Cool video. What was the metal pole with the lobster ruler for?


----------



## WhackUmStackUm (Jan 31, 2010)

MillerTime said:


> Cool video. What was the metal pole with the lobster ruler for?


It is a spiny lobster "tickle stick" and ruler. However, we did not see any spiny lobsters.


----------



## MillerTime (Jul 6, 2011)

WhackUmStackUm said:


> It is a spiny lobster "tickle stick" and ruler. However, we did not see any spiny lobsters.


That would make sense with the ruler being attached to the end of it. Did not even occur to me.


----------



## sealark (Sep 27, 2007)

MillerTime said:


> Cool video. What was the metal pole with the lobster ruler for?


If they ran across fla. Lobster its required to be measured where caught. The pole is a tickle stick to work the fl. Lobster out of a ledge.


----------



## MillerTime (Jul 6, 2011)

sealark said:


> If they ran across fla. Lobster its required to be measured where caught. The pole is a tickle stick to work the fl. Lobster out of a ledge.

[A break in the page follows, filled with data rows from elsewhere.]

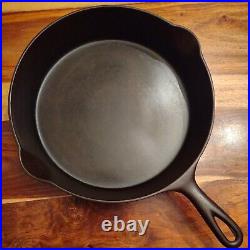 Wagner Sidney, O Cast Iron Skillet #9, Heat Ring, MM c, circa 1900-1915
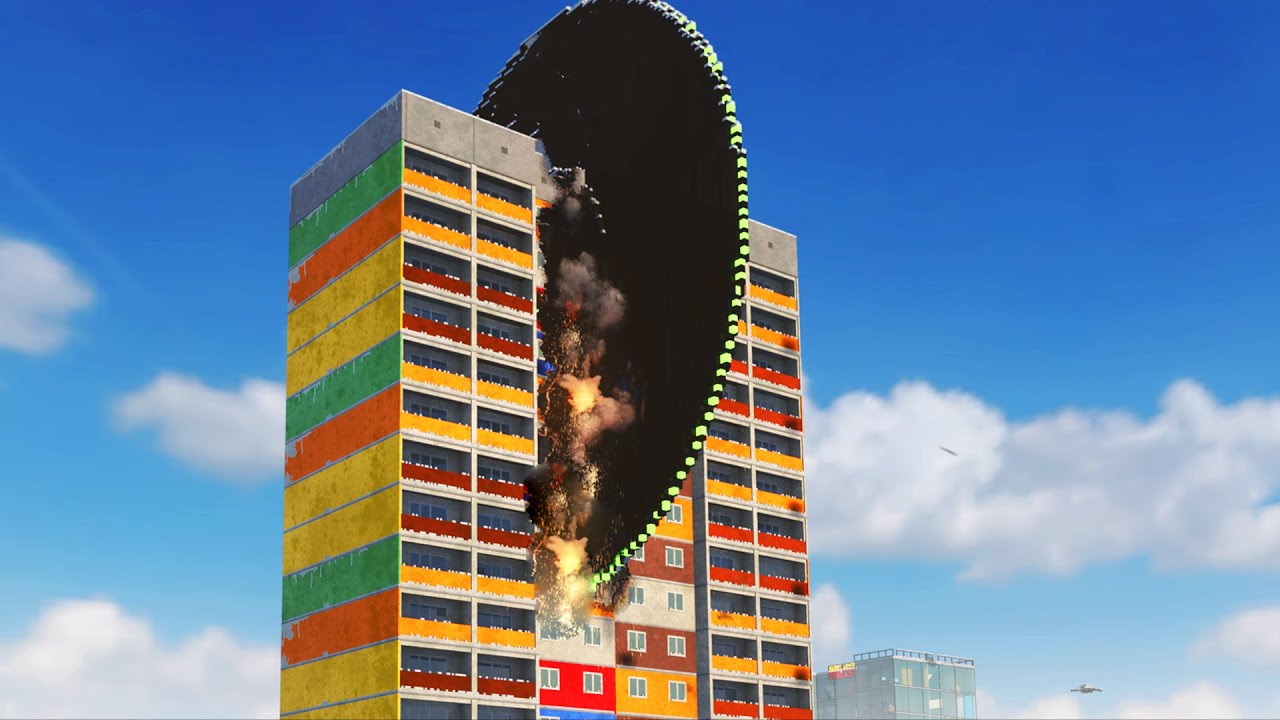 Buildings Cut In Half | Teardown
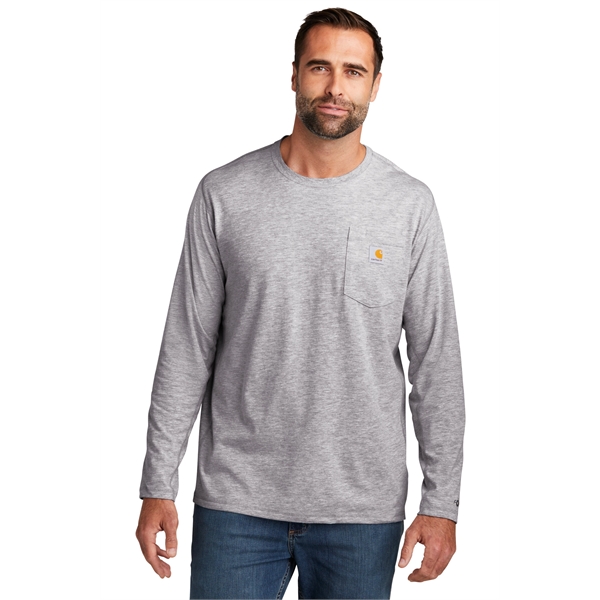 Carhartt Force Long Sleeve Pocket T-Shirt - Carhartt Force Long Sleeve Pocket T-Shirt - Image 9 of 23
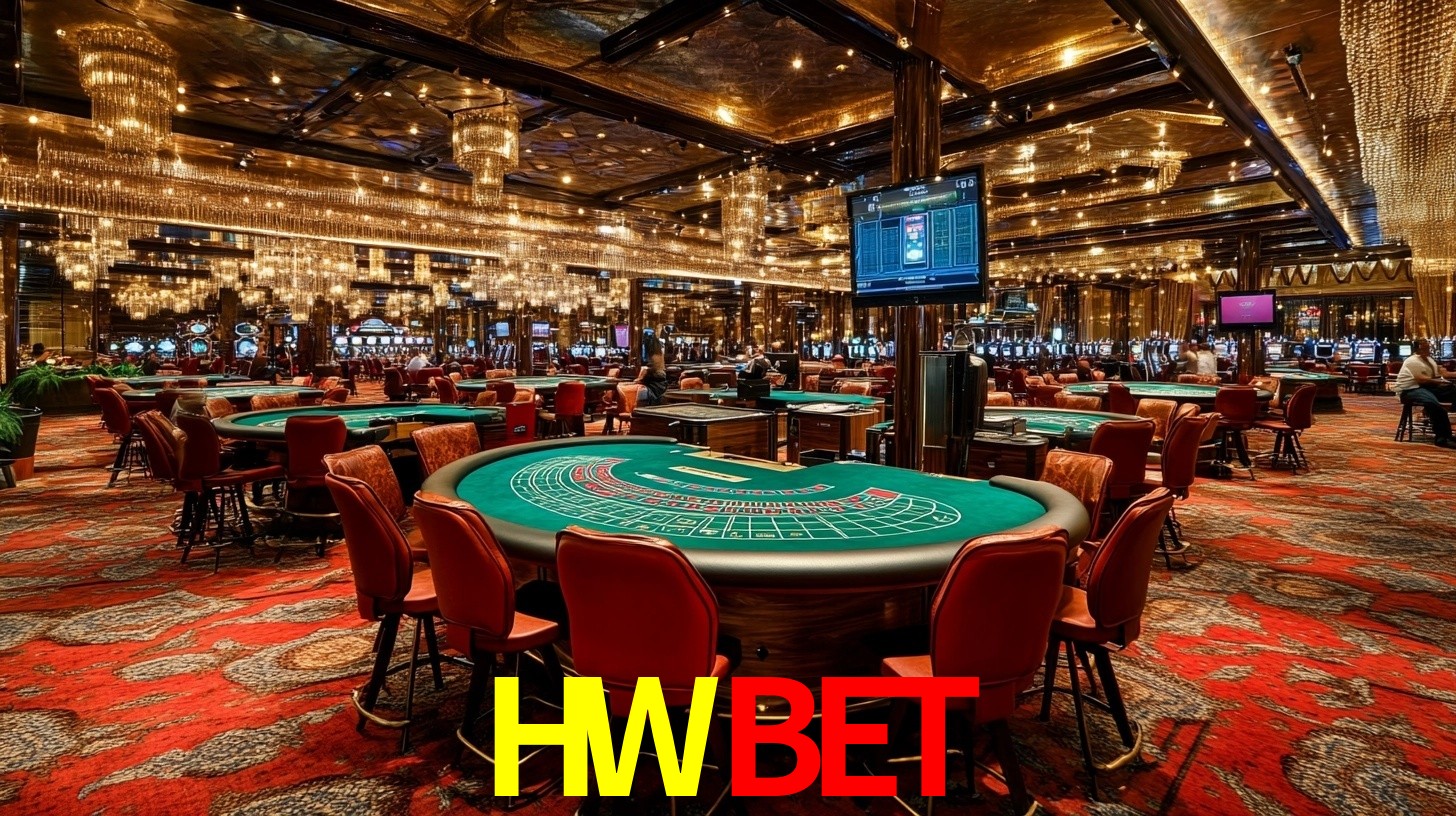 HWBET - Cassino On-line Emoção Total - HWBET.COM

Just didn't think about that since the spiny's aren't as plentiful up near us.


----------



## Telum Pisces (Sep 27, 2007)

Wirelessly posted

Good school of almaco jacks there.


----------



## Haulin' Ash (Jan 4, 2011)

Telum Pisces said:


> Wirelessly posted
> 
> Good school of almaco jacks there.


This. 

I saw a few on cheveron today but I could have filled the cooler there. Thanks for sharing Whackum!


----------